### Data shown
◆ ◆ ◆ ◆ ◆ ◆ ◆

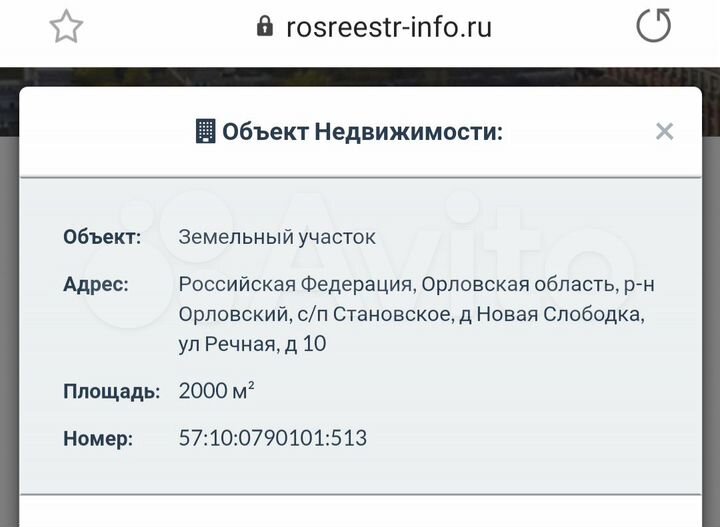 Участок 20 сот. (ИЖС)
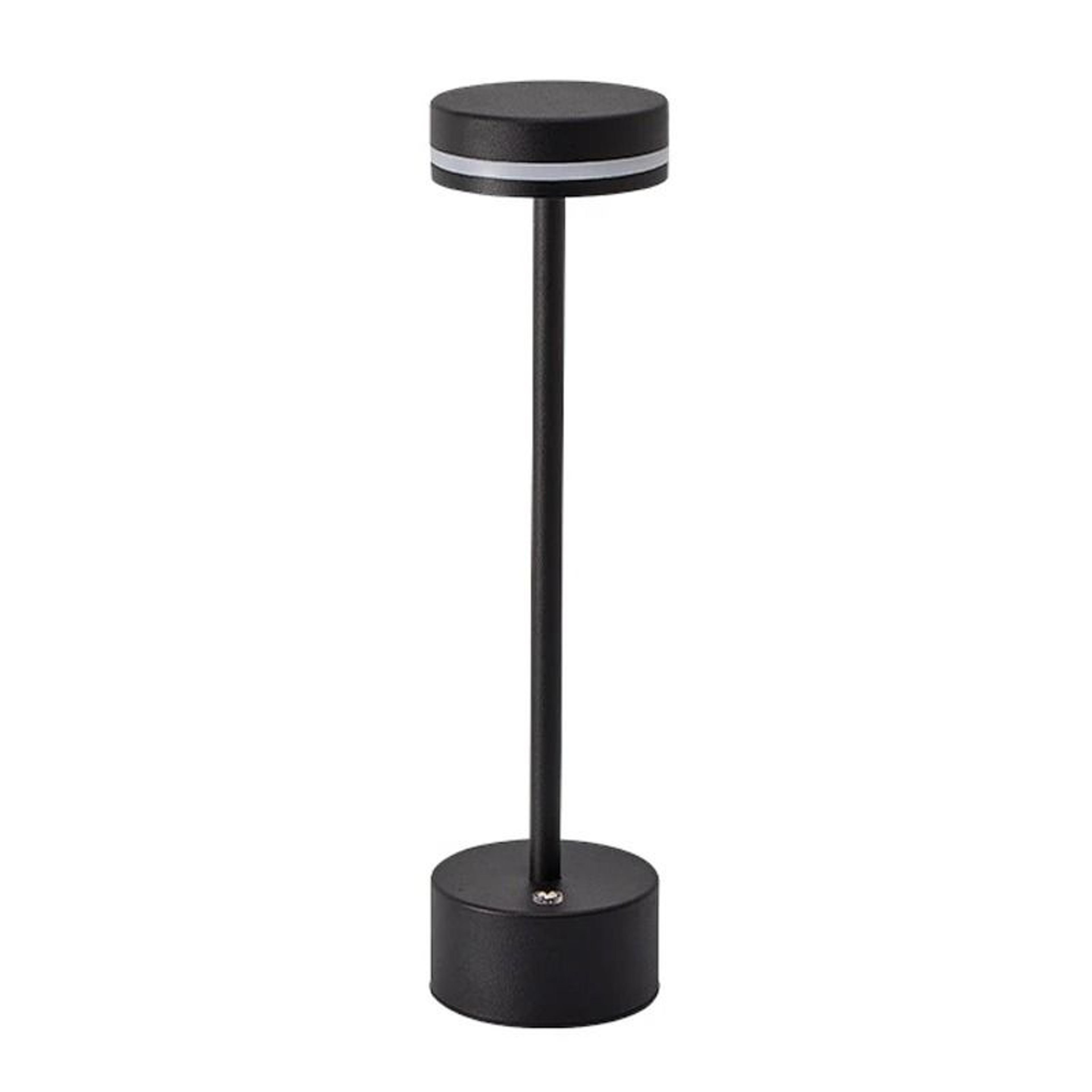 Touch Dimmable LED Desk Lamp With Aluminum Body And Three Tone Lighting For Bedroom And Reading 5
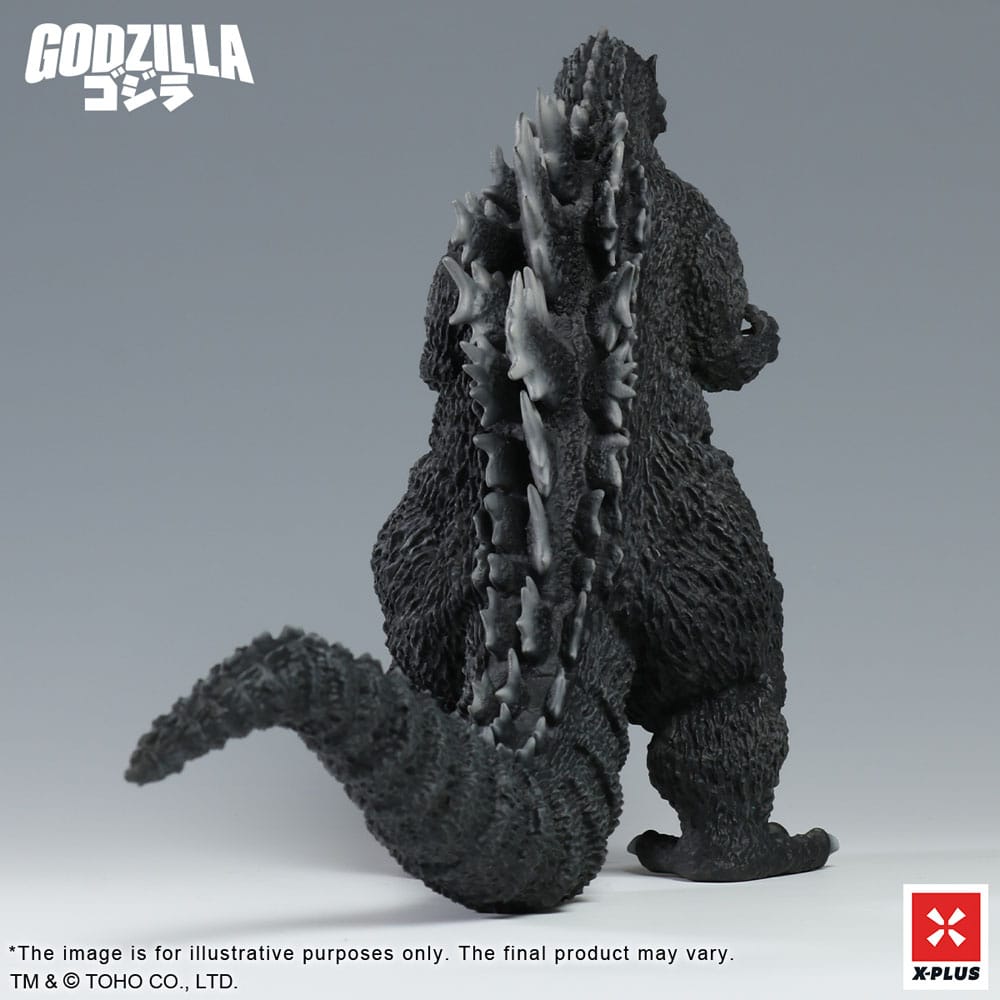 Godzilla (1954) PVC Statue Godzilla 16 cm Image 6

◆ ◆ ◆ ◆ ◆ ◆ ◆

### Your goal
Where a line contains "Touch Dimmable LED", begin there and set down exactly each line through the end of the data above, omitting any pictures.

### Answer for this exercise
 Touch Dimmable LED Desk Lamp With Aluminum Body And Three Tone Lighting For Bedroom And Reading 5
 Godzilla (1954) PVC Statue Godzilla 16 cm Image 6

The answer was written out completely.